» Exercise directions:
Restate verbatim the span of lines below between the line with "Chemise côtelé Rémi - Beige" and the line with "Vessel Bathroom Sink", including those two lines, and only that span.
──────── Data excerpts ────────
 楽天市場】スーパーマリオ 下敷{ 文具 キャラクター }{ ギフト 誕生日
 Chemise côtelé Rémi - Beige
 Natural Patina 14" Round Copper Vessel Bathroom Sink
────────
──────── Data excerpts ────────
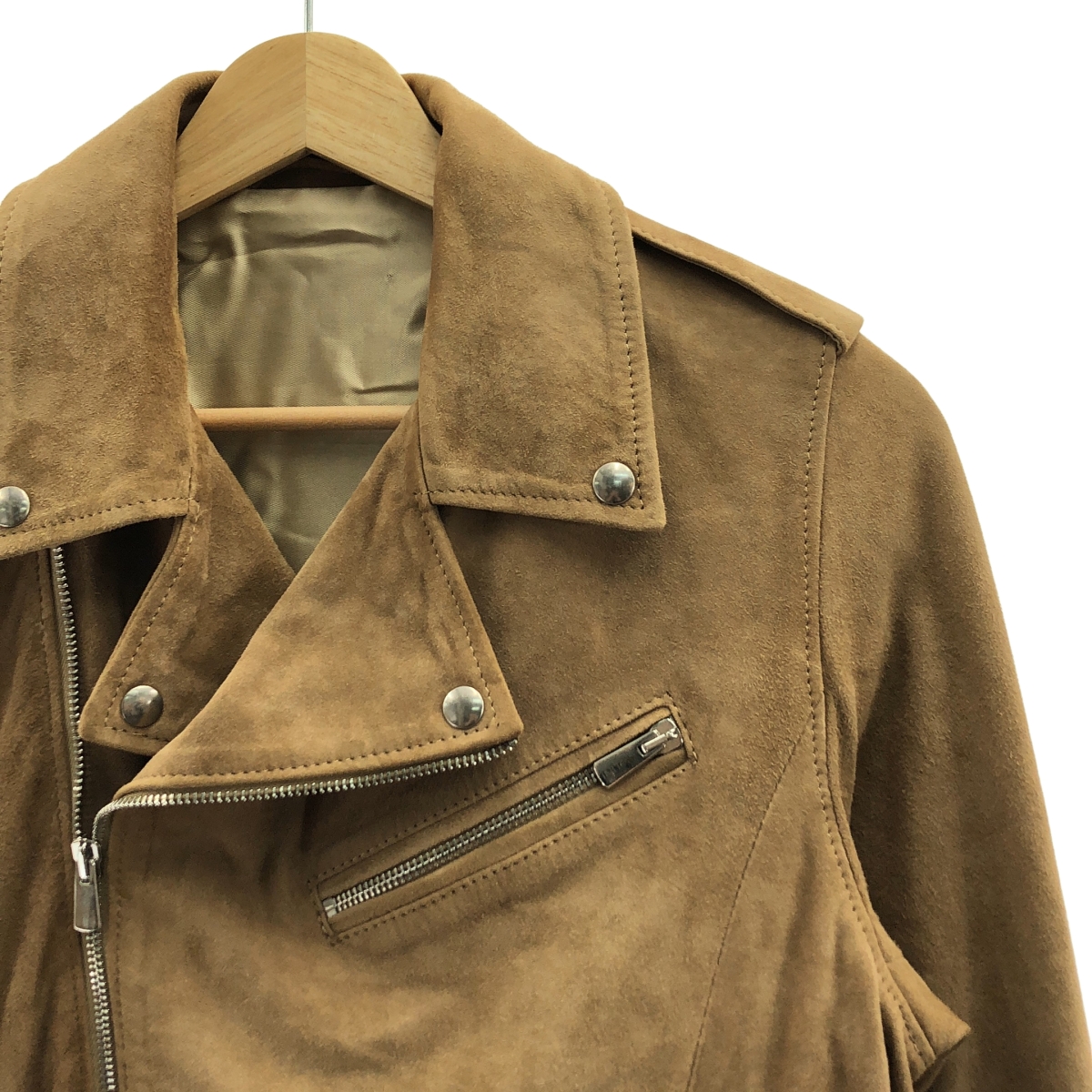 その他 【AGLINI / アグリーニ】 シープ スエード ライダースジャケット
────────
» Output below:
 Chemise côtelé Rémi - Beige
 Natural Patina 14" Round Copper Vessel Bathroom Sink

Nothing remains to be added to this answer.